ISLAMABAD, PAKISTAN —
The Taliban Thursday claimed responsibility for ambushing a group of U.S. and European tourists in Afghanistan’s western Herat province, wounding six of the tourists and their Afghan driver.
A spokesman for the insurgency said Taliban fighters targeted what he called a "joint enemy convoy" and gave a much higher casualty toll, although the group is known for releasing inflated totals.
A provincial police spokesman, Jilani Farhad, told VOA that the attack took place in the Chishti Sharif area shortly after the tourists arrived from the central Bamiyan province.
“The wounded are in stable condition and a woman is also among them,” he added, without discussing the nationalities of the victims or motives for the attack. Reports, however, say the tourists included eight Britons, three Americans and a German.

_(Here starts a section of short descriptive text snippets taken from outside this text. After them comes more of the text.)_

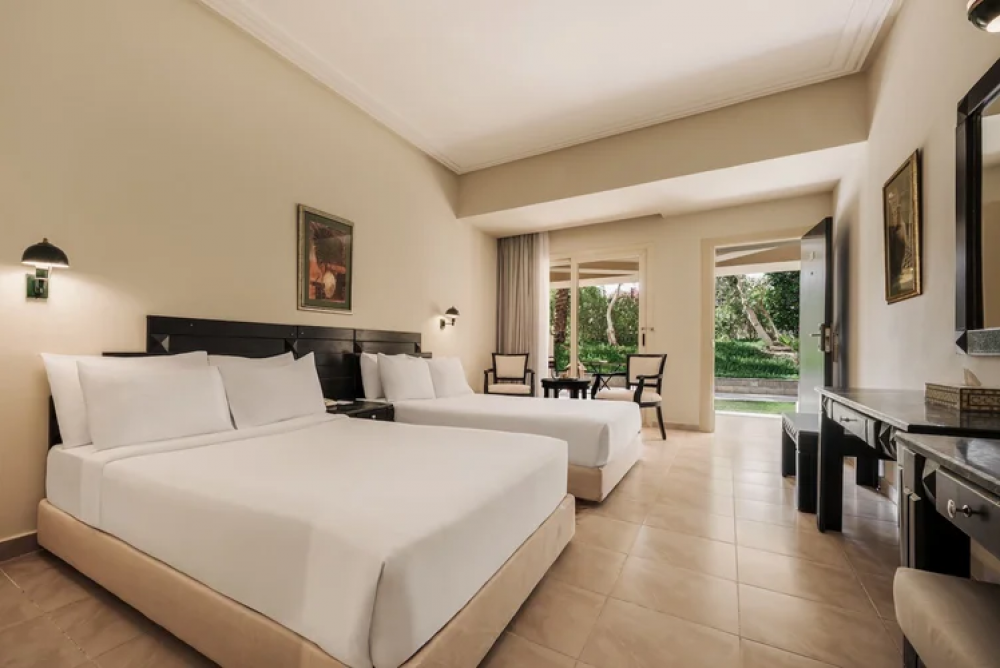 Deluxe Family Room, Sindbad Club Hurghada 4*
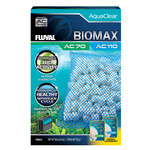 FLUVAL Fluval AquaClear 70/110 BioMax Insert - 1 pack - 125 g (4.4 oz)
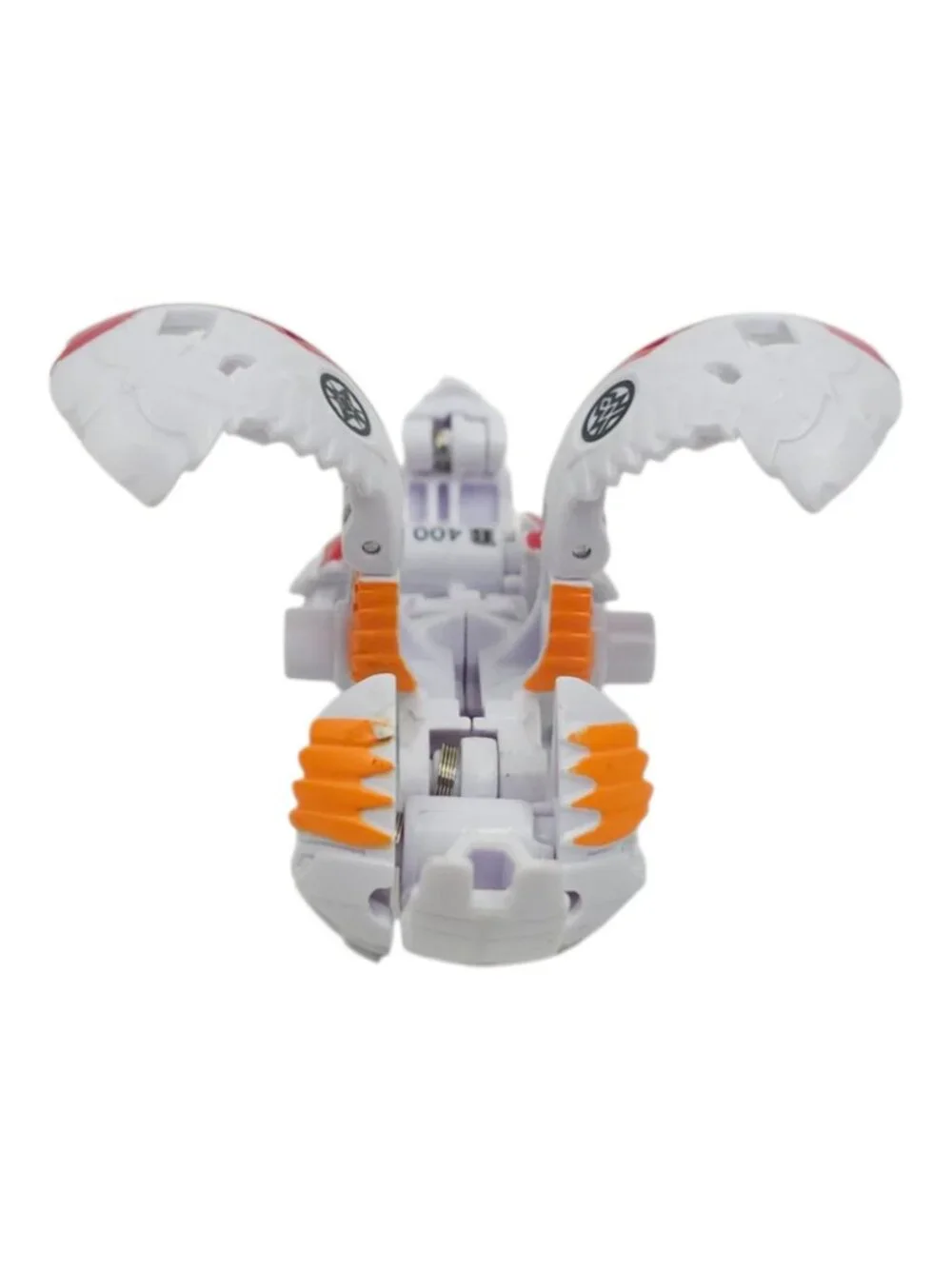 Bakugan Fused Pegatrix x Gillator Armored Alliance Cards BakuCores Spin Master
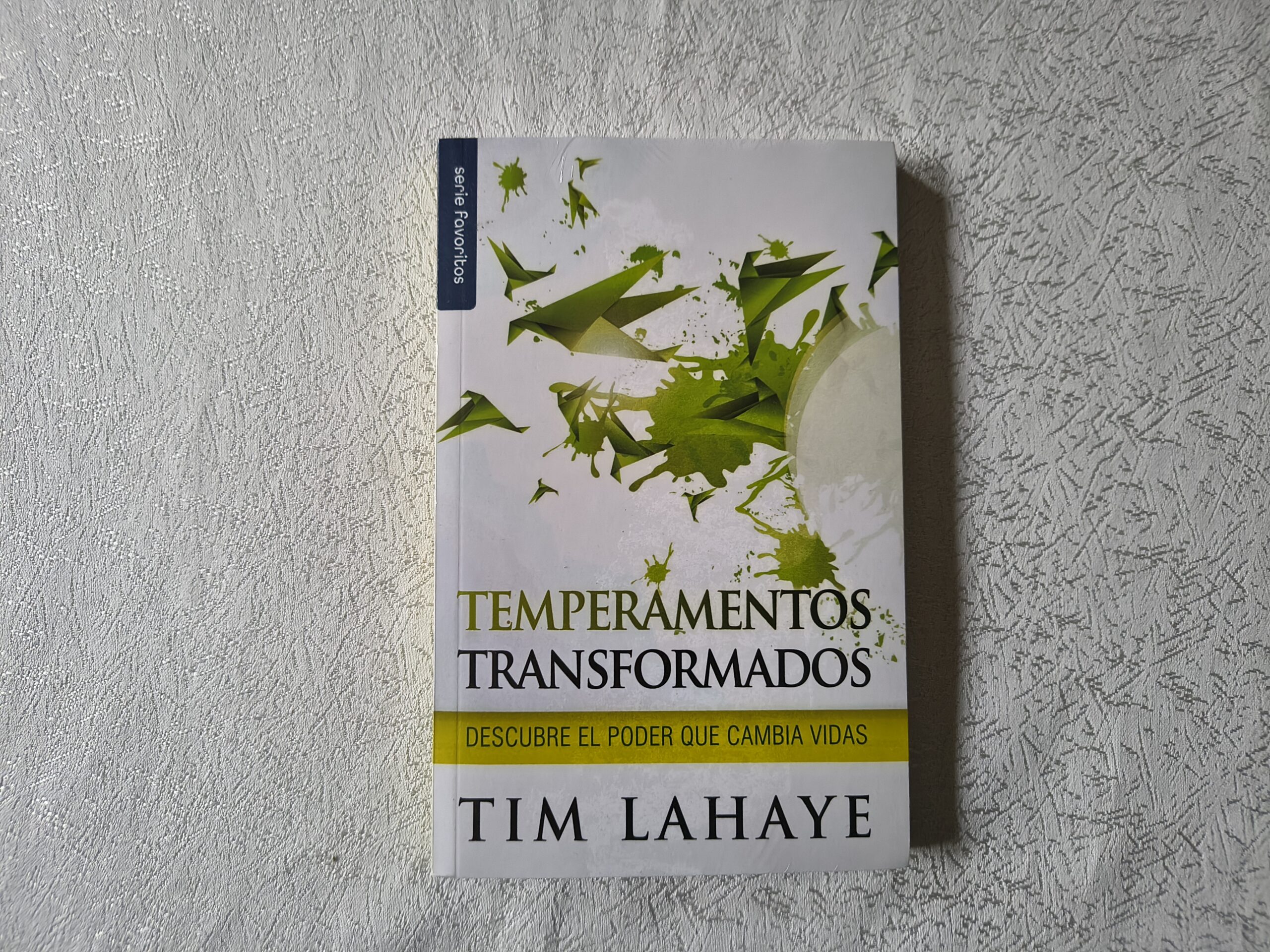 Temperamentos Transformados- Tim LaHaye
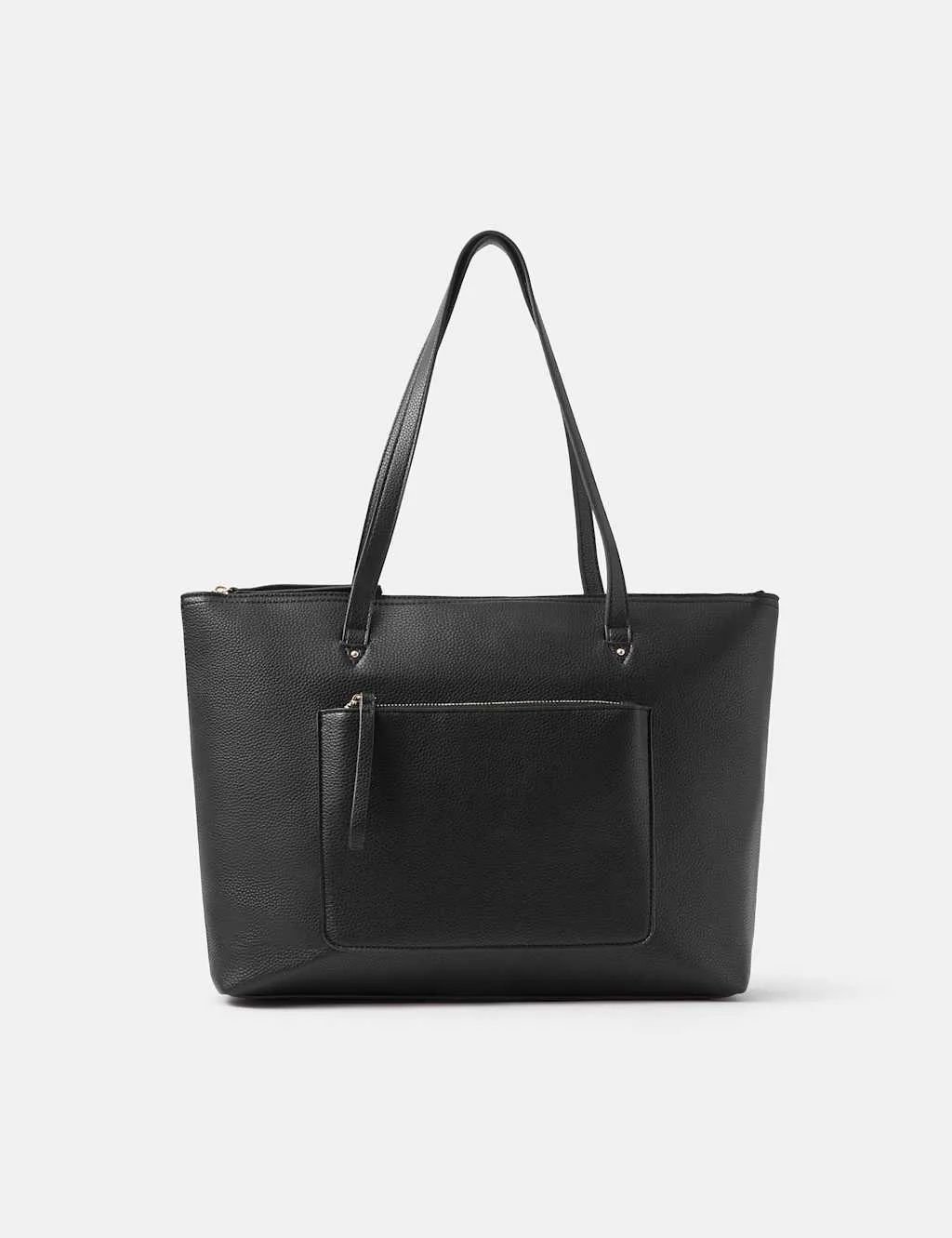 Rachel Tote Bag Black female - Accessorize - FashionsVida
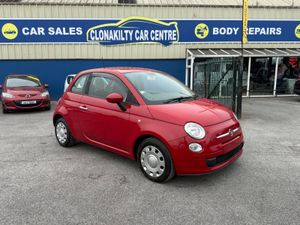 Low Mileage Fiat 500 Automatic - Image 4
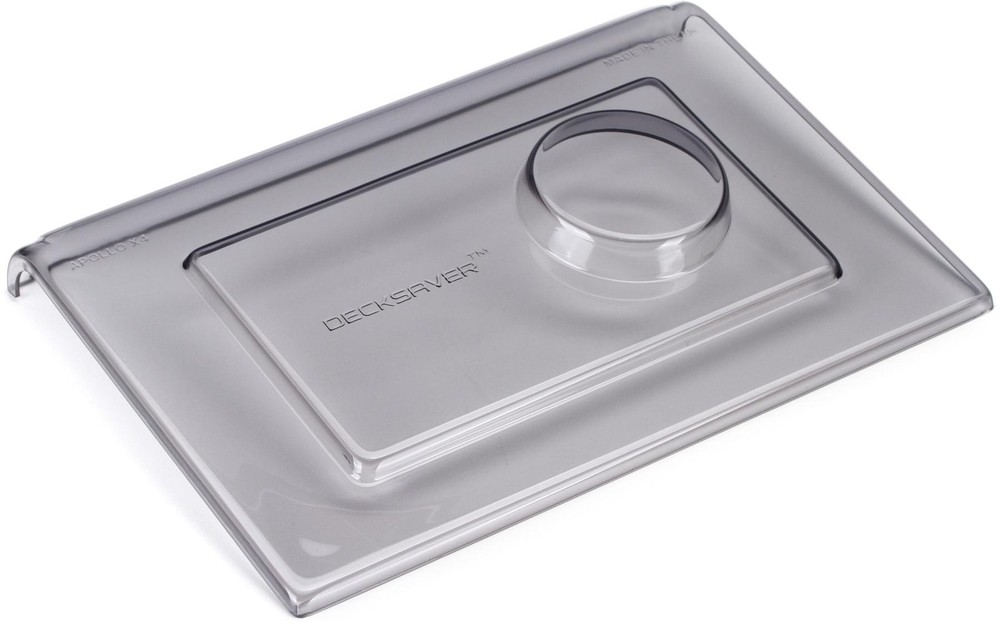 Decksaver DS-PC-APOLLOX4 Polycarbonate Cover for Universal Audio Apollo X4 Audio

Herat borders Iran and Taliban insurgents there are active in several districts.
Meanwhile, a Pakistani transport helicopter has crash landed in the mountainous Afghan province of Logar.
Local officials and witnesses said the Russian-made MI-17 helicopter caught fire shortly after it touched the ground. They added that a group of armed men then approached the site and took six people to an unknown location.
Pakistani officials have confirmed that the helicopter made an emergency landing on the Afghan side of the border after taking off from the northwestern city of Peshawar.
A security official requesting anonymity told VOA that five Pakistani crew members and a “Russian navigator” were on board the aircraft that belonged to the provincial government of Punjab. The helicopter was traveling to the central Asian republic of Uzbekistan for routine repair work, he said.
The accident happened in the Mati area of Azra district that Afghan officials said was under Taliban control. The insurgent group has not yet commented on reports it took those on board hostage.